Trigger PagerDuty Alerts From Synthetic Browser Checks

To trigger PagerDuty synthetic alerts from a browser check, run a headless BrowserBash check of a critical production flow on a schedule (cron, a CI scheduled job, or a Kubernetes CronJob), read its exit code, and POST an event to the PagerDuty Events API v2 when that code is non-zero. A passing run exits 0 and does nothing. A failed verdict exits 1, an error exits 2, a timeout exits 3, and each of those maps to a trigger event with a severity you choose. When the next scheduled run passes again, you send a resolve event with the same dedup_key and the incident closes itself. That is the whole pattern: a real browser walks your login-to-checkout path every few minutes, and the moment the path breaks, the person carrying the pager finds out.

This post covers the wiring end to end: writing a synthetic check as an intent-based markdown test, running it headless on a schedule, mapping BrowserBash exit codes to PagerDuty severities, deduplicating so one outage is one incident, and the honest part nobody likes, suppressing transient blips so you do not wake someone for a network hiccup. If you are new to running real-browser checks against production, the background piece on synthetic monitoring with AI agents sets up the why before this post handles the how.

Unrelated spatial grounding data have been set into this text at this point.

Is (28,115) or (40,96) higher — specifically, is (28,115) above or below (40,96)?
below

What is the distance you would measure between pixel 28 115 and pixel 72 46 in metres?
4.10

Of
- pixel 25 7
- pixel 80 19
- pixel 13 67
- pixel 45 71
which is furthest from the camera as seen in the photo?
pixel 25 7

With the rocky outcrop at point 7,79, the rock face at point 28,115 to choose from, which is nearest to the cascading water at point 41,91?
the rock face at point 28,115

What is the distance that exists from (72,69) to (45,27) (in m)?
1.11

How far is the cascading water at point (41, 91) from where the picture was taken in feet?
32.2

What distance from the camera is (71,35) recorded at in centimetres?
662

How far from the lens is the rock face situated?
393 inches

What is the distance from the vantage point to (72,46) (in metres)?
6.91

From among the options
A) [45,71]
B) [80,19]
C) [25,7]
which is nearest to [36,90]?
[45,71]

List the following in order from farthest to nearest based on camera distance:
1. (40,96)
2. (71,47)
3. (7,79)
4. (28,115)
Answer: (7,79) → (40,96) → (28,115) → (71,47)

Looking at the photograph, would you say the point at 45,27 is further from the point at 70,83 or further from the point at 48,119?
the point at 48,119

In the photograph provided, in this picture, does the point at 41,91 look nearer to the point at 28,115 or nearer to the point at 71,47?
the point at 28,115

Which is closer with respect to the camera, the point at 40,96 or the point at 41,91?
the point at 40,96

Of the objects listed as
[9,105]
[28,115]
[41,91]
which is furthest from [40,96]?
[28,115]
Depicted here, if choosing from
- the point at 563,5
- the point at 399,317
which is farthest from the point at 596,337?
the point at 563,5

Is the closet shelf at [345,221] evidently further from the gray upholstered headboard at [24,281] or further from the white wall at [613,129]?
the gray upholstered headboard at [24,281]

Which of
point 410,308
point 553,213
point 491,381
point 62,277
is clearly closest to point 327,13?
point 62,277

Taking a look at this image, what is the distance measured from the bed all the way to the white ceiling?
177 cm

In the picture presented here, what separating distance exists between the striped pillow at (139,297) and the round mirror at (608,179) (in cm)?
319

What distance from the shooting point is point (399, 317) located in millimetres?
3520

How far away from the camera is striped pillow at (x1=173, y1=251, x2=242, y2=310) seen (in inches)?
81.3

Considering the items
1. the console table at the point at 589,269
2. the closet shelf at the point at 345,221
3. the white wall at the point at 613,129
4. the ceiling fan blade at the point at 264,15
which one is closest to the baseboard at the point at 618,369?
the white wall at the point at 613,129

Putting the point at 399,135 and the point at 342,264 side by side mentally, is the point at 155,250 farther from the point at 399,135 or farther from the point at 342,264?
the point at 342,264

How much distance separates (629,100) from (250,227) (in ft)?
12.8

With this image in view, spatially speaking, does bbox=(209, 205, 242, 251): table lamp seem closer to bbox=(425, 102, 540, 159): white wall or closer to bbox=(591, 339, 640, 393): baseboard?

What "synthetic" means here and why a browser check is the right signal

A synthetic check is a scripted, repeated transaction that pretends to be a user. Ping a URL, get a 200, that is the shallow version. It tells you the server answered. It does not tell you whether a logged-in customer can actually reach the dashboard, whether the cart still adds items, or whether the payment step renders. Those failures live above the HTTP layer, in JavaScript that did not hydrate, a third-party widget that timed out, a feature flag that shipped half a flow. A status-code probe is blind to all of it.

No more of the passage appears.